What often goes overlooked is that the U.S. already has a robust legal framework to address genuine AI harms. Long-standing consumer protection laws, anti-discrimination statutes, and liability frameworks are sufficiently strong to address harms caused by AI. The Massachusetts Attorney General, for instance, has clarified that the state consumer protection laws apply to AI-generated outcomes. That’s the right approach: focus on the effects of technology, not the architecture behind it. AI is simply a tool; if it is used to discriminate, deceive, or cause harm, accountability should rest with those actions—not with the innovation itself.
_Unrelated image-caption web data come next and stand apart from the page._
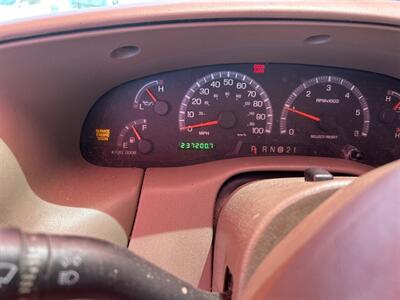 2001 Ford F-150 Lariat   - Photo 8 - Chula Vista, CA 91911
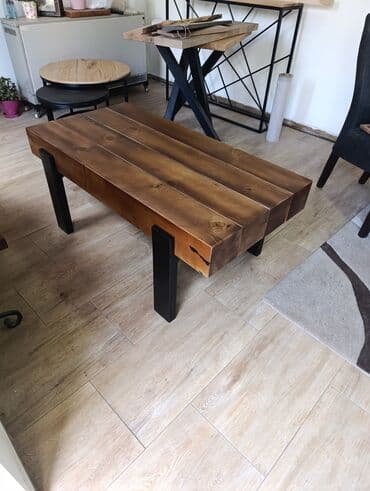 viseci elementi za spavacu sobu: Klub sto GREDE Dimenzija stola 120x60 visina 50cm Debljina grede — 1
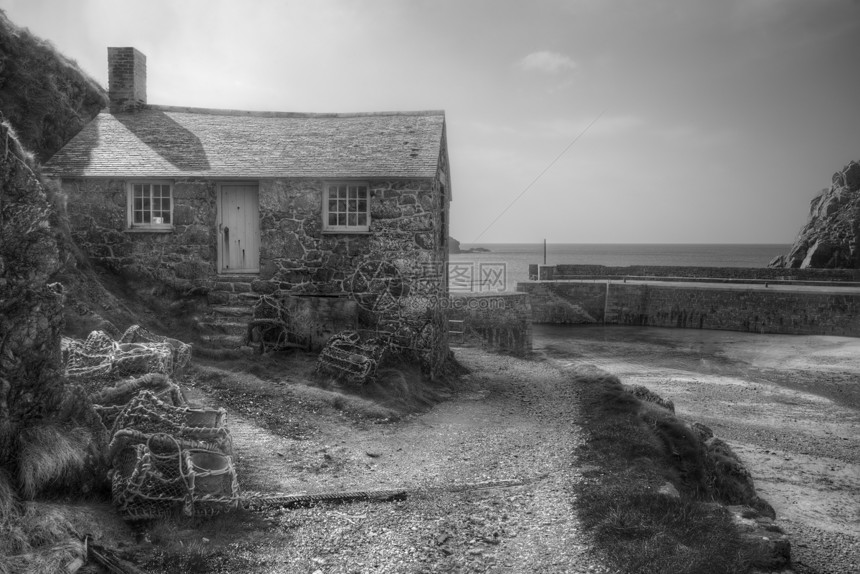 传统英国老渔村的黑白形象图片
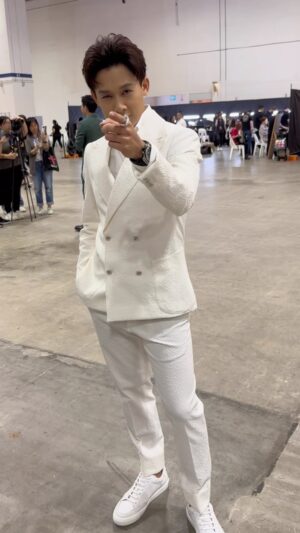 Richie Koh Instagram - #beforeandafter of @richiekrq 

#mediacorpstarawards2023 #starawards2023 #tcastarawards2023 #红星大奖2023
The Freedom to Build: Why Innovation Thrives Without Permission

The claim that AI is advancing too rapidly has become a common justification for regulation. Yet rushing to regulate risks stifles innovation and entrenches bad policy. In fast-moving markets, patience is a strength; let real harms emerge before intervening, and let businesses answer to consumers, not bureaucrats.
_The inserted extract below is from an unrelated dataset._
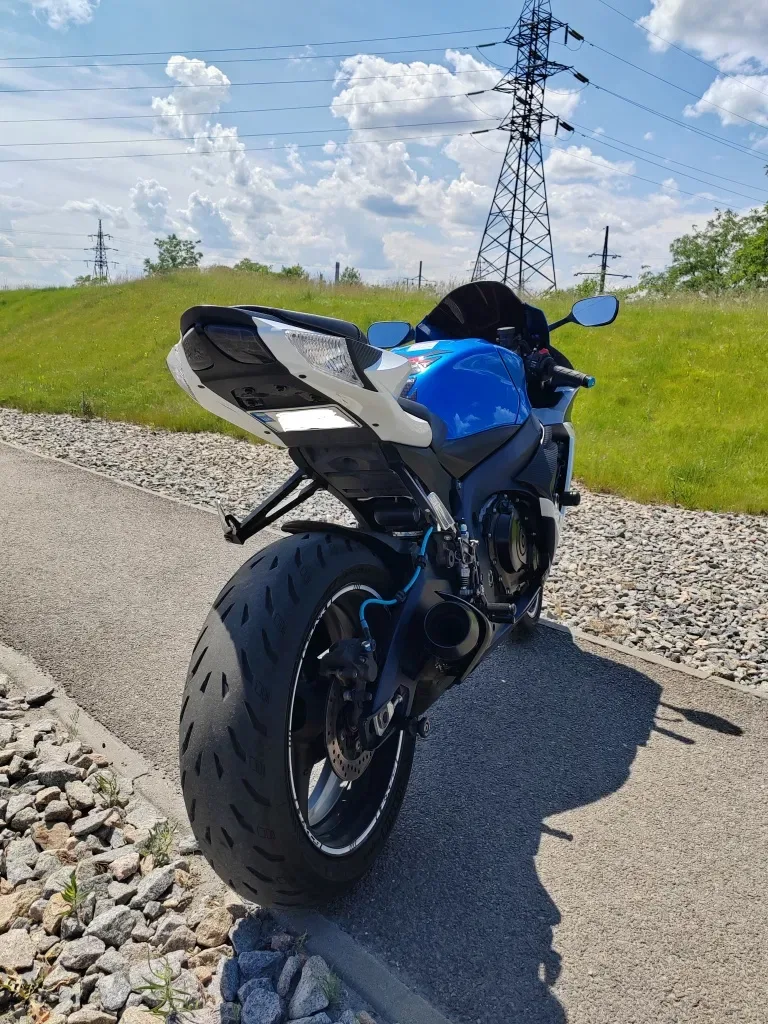 Suzuki GSX-R 750 L2 — фото 6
We’ve seen this approach work before. In the landmark 1984 Sony Corp. v. Universal City Studios case (known as the Betamax case), the U.S. Supreme Court ruled that a technology should not be banned just because it could be misused. That decision enabled the VCR to flourish and paved the way for the home entertainment revolution. A decade later, the same principle was applied in the 1990s, when the Clinton administration chose to allow the internet to thrive in an unregulated, free-market environment, triggering one of the most significant innovation booms in history.

The results speak for themselves. According to the Boston Consulting Group, the U.S consistently dominates global innovation rankings. In 2013, seven of the top ten most innovative companies were American; by 2023, 16 of the top 25—including Amazon, Apple, Microsoft, and SpaceX—were based in the U.S. Meanwhile, Europe’s presence in the rankings has steadily declined or ceased to exist, a casualty of overregulation and risk aversion.

This divergence is no accident—it reflects two fundamentally different competing visions. One champions the freedom to create; the other demands permission to innovate. While calls to adopt Europe’s more cautious regulatory model may stem from good intentions—such as ensuring safety and oversight—they risk undermining the very conditions that enabled the U.S. to become a global innovation leader.

AI does not require a new regulatory philosophy—only a recommitment to one that already works. For decades, the United States has led by allowing innovation to move forward while holding actors accountable for real harm. Replacing that model with precautionary mandates would not make AI safer; it would make America less competitive. To remain a global innovation leader, policymakers must resist fear-driven regulation and preserve the freedom that has long fueled America’s technological advancement.